Kamu ingin tahu mengapa aku tidak muncul di bandara? Sebuah kejutan untukmu, aku sebenarnya datang. Mengantarmu sampai pesawatmu lepas landas. Aku ada di sana. Melihatmu dari jauh. Kamu pasti sudah tahu alasannya hingga aku bersikap seperti itu. kamu lebih tahu dari siapapun. Aku tidak akan membiarkanmu melihatku menangis di depan batang hidungmu! Aku ini laki-laki.
Oke. Sekarang kita ke point utama isi e-mail ini. Aku dan kamu, seberat apapun masalah yang sudah lewat waktu akan tetap menuliskan kisah kita sebagai sahabat satu sama lain. Tentang perasaanku, aku bisa menanganinya. Kamu hanya perlu percaya padaku. ingat, aku ini laki-laki. Jadi, aku memohon dengan sangat jadilah Veitnala Hanum, sahabatku nomor satu seluruh dunia! lanjutkan hidupmu, jangan berhenti di titik yang belum seharusnya kamu berhenti. Aku selalu percaya Tuhan menciptakan koma di kehidupan kita dalam wujud kesulitan, kebahagiaan, luka, duka, perih. Dan pada koma itulah kita menemukan jalan baru untuk kelanjutan hidup seterusnya. Karena kita hanya perlu menghadapinya. Maafkan segala lukamu, karena hidup itu jalan ke depan bukan mundur ke belakang. Aku tegaskan, perasaanku terhadapmu bukan masalah yang bisa seenak jidat menggusur kebersamaan kita sebelumnya dan yang akan datang.

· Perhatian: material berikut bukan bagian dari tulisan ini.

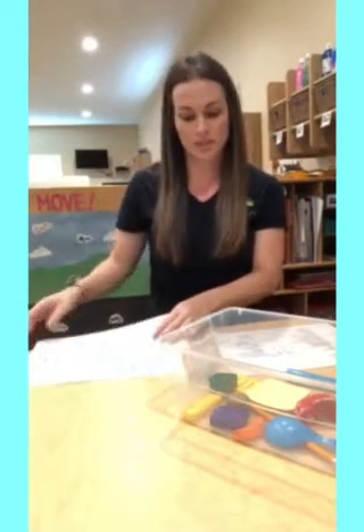Hi everyone, it's Teacher Morgan. I have an activity for you guys today to do at home. This activity is good for spatial relationships, learning about shapes, and engagement persistence.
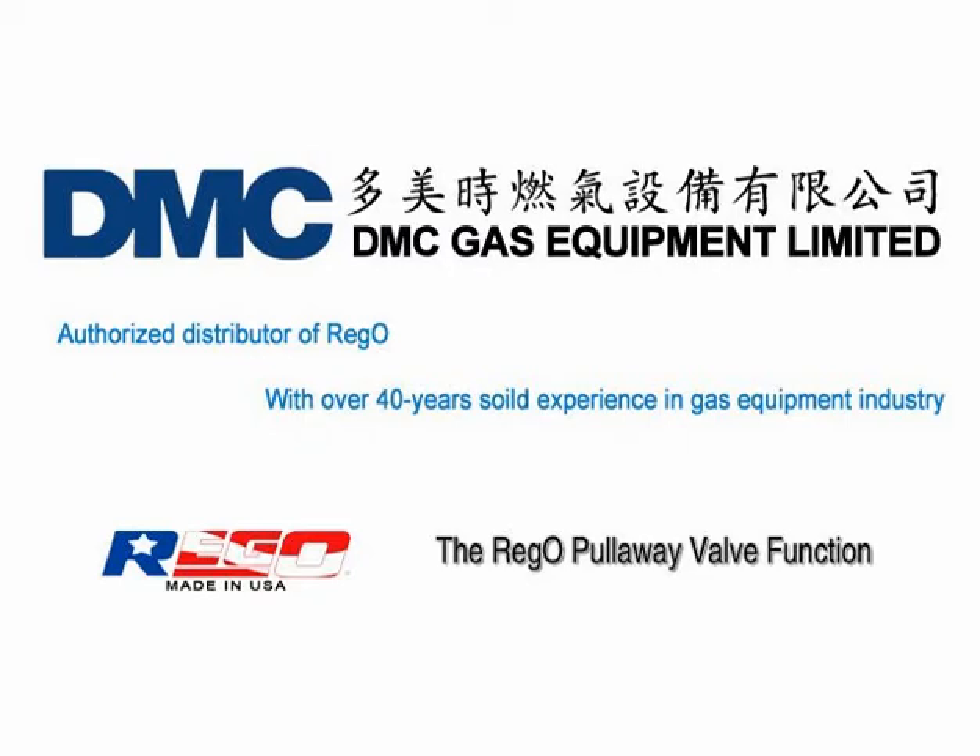Engineered Controls International Incorporated, the manufacturer of Rego products, presents the next step in pull-away protection: the Rego pull-away valve.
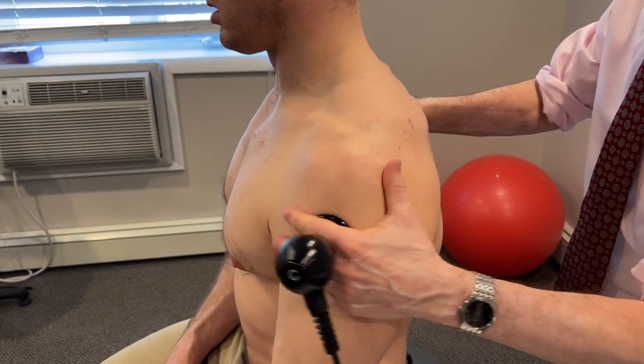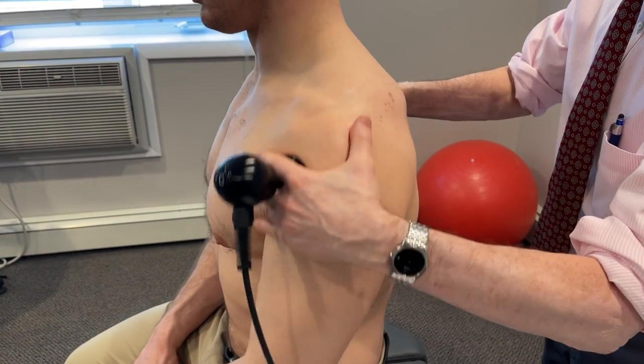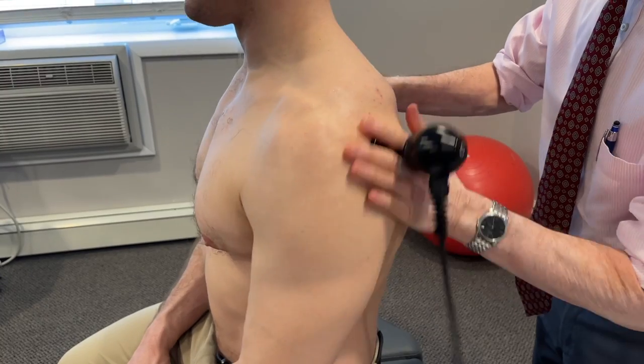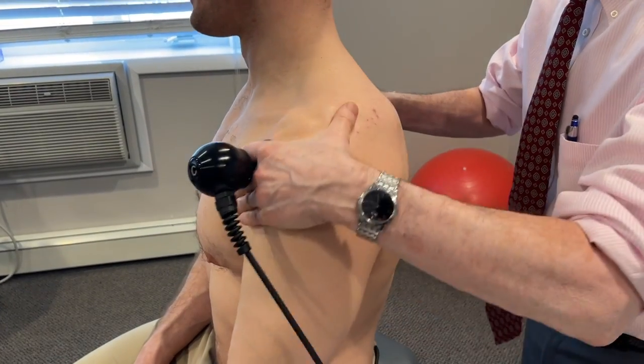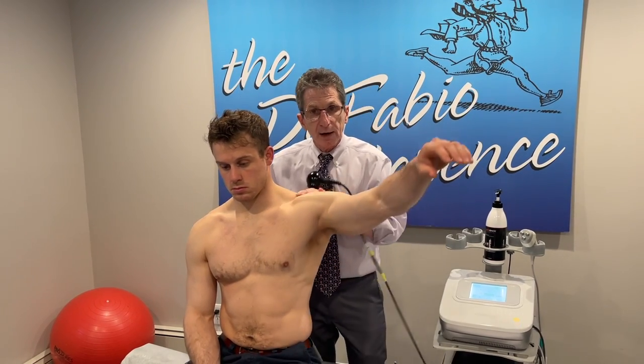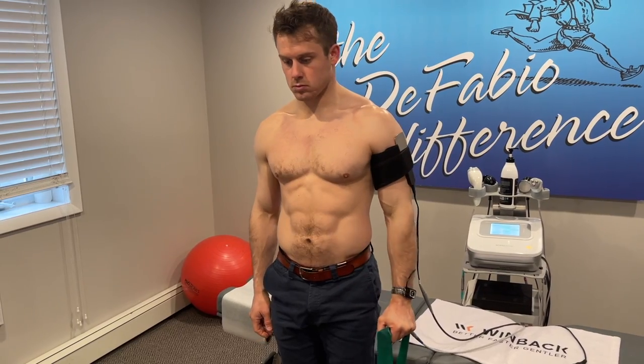It can start by creating some heat into the tissues. That's the capacitive mode. It's superficial — gets into the muscles, gets into stimulating lymphatic circulation, and I can feel it getting hot already. I can do heat therapy with motion; we can do it with exercise.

P.s : * Anggap saja aku sedang kena virus aneh hingga sanggup berbuat sok tua/tau kali ini
* Sejujurnya, aku menangis saat melepasmu. Aku masih menangis. Toh aku (masih) tetap laki-laki! :)
=oOo=
Aku menyusut air mataku. Hidup itu jalan ke depan buka mundur ke belakang. Tuhan Yang Maha Baik, terimakasih untuk semua yang terjadi. Aku merasa plong. Napasku lancar. Lega. Kecuali yang satu itu, kangen Radar.